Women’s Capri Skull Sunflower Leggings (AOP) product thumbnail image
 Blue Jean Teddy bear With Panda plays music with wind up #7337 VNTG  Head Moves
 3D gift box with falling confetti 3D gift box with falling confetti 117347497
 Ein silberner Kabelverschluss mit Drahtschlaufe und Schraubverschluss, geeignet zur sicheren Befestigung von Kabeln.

※ ※ ※

> _What needs to be done_
Everything in the listing must be written out again without any change.

> _Task answer_
Women’s Capri Skull Sunflower Leggings (AOP) product thumbnail image
 Blue Jean Teddy bear With Panda plays music with wind up #7337 VNTG  Head Moves
 3D gift box with falling confetti 3D gift box with falling confetti 117347497
 Ein silberner Kabelverschluss mit Drahtschlaufe und Schraubverschluss, geeignet zur sicheren Befestigung von Kabeln.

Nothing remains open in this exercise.